Cały pięknie pachnę dymem

Chyba się udało. Mam nadzieję, że odnotuję sukces na kulinarnej łączce. Choć prawdziwy sprawdzian nastąpi dopiero w świąteczną niedzielę, gdy plastry szynki znikną (albo i nie co będzie oznaczało klapę) z wielkiego półmiska. W tej beczułce marynowały się szynki
Tymczasem jednak i szynki, i rolada z boczku wyglądają efektownie i apetycznie. Pachną wręcz oszałamiająco. Prawdę mówiąc i ja cały pachnę jak jeden wielki połeć szynki. Ponad osiem godzin spędziłem obok wędzarni a to dorzucając  szczapę olchy lub równie piękną i wilgotną  gruszę. Dym szczypał w oczy, przenikał ubranie i nasączał czuprynę. Nawet długa kąpiel nie pomogła i podczas kolacji u przyjaciół mieszkających w sąsiedniej wsi zamiast zapachu wody kolońskie, której używam od lat – roztaczałem przy stole podniecający smakoszy aromat wędzarniczego dymu.

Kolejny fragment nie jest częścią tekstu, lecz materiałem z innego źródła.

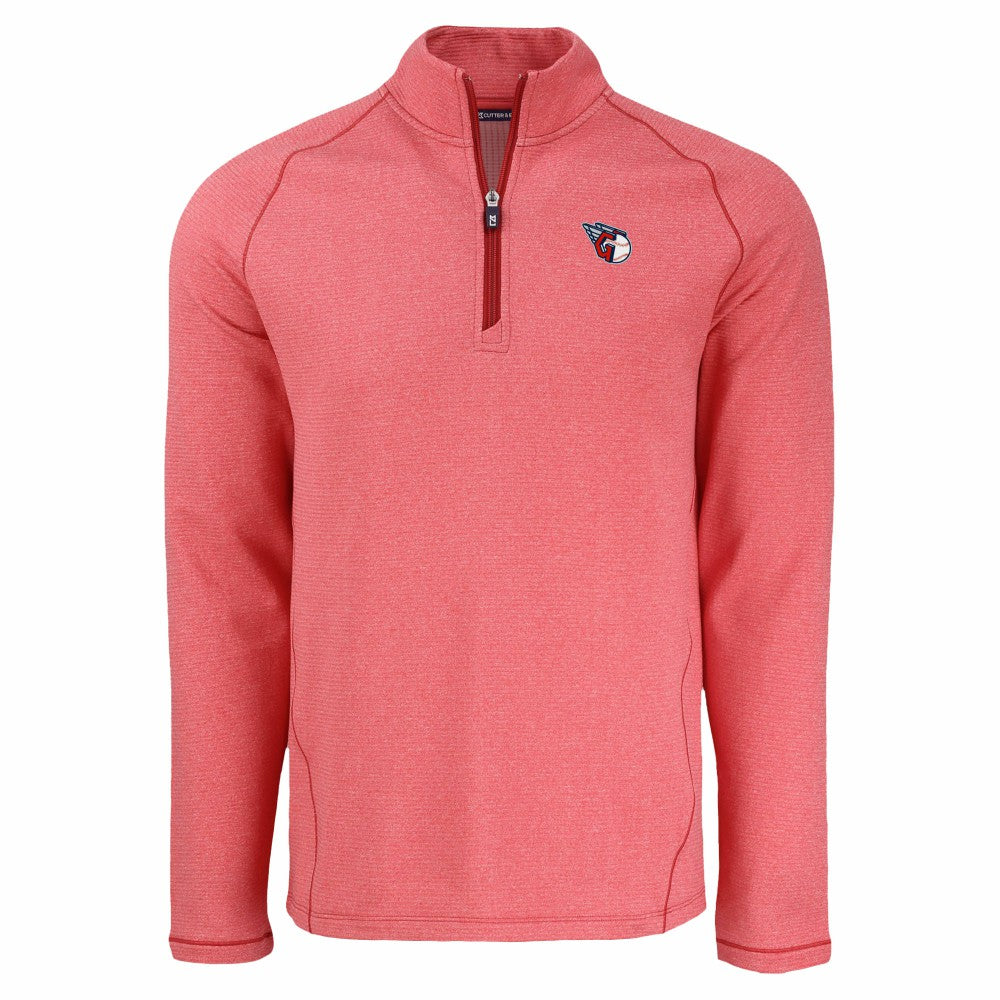 Cleveland Guardians Cutter & Buck Peshastin Eco Fleece Recycled Raglan Quarter-Zip Top - MLB
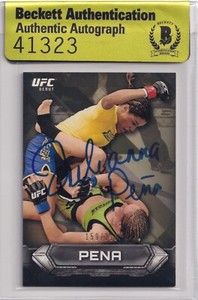 Julianna Pena Signed 2014 Topps UFC Knockout Rookie Gold Card 67 BAS COA RC /219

Mięso jeszcze przed marynatą
Trzy szynki i rolada spędziły w tym dymie wiele godzin. Przez pierwsze trzydzieści minut utrzymywałem dość silny ogień, by w gorącym dymie mięso nabrało złocistej barwy.
Włożenie szynki do ciasnej siatki to trudna sztuka
Potem dorzuciłem bardziej wilgotne szczapy i cale pieńki, by płomień ledwo tlił się a dymu było więcej. Betonowy tunelik prowadzący do skrzyni z wiszącym mięsem powodował, że dym stygł i moje wyroby nie traciły nadmiernie soku.
Pierwszy dym wędzarniczy rozchodzi się po ok0licy
Ważnym elementem procesu powstawania szynki jest też jej zaparzenie. Woda nie może wrzeć czyli jej temperatura ledwo przekracza 90 st. C. Czasem tylko na powierzchni pojawi się pojedynczy bąbel, który sygnalizuje, by nieco przyhamować grzanie. Nie można też parzyć mięsa zbyt długo, bo będzie zbyt kruche i plastry będą się rozsypywać.  Ponieważ każda z szynek ma około 1,5 kg to w tej gorącej kąpieli trzymałem je trochę ponad 70 minut.
Na koniec zanurzyłem każdą na kilkanaście sekund w lodowatej wodzie prosto ze studni.
Początek wędzenia
Teraz leżą spokojnie w lodówce i czekają na uroczyste pokrojenie, które nastąpi w wielka sobotę, po powrocie z wiejskiej świetlicy, w której wszyscy mieszkańcy naszej wsi (i sąsiedniej też) ustawią swoje ozdobne koszyczki z chlebem, jajami na twardo, kiełbasą a ksiądz z podpułtuskich  Popław objeżdżający okoliczne  świetlice pobłogosławi te dary natury. Tak od kilkudziesięciu lat inaugurujemy naszą kurpiowską Wielkanoc.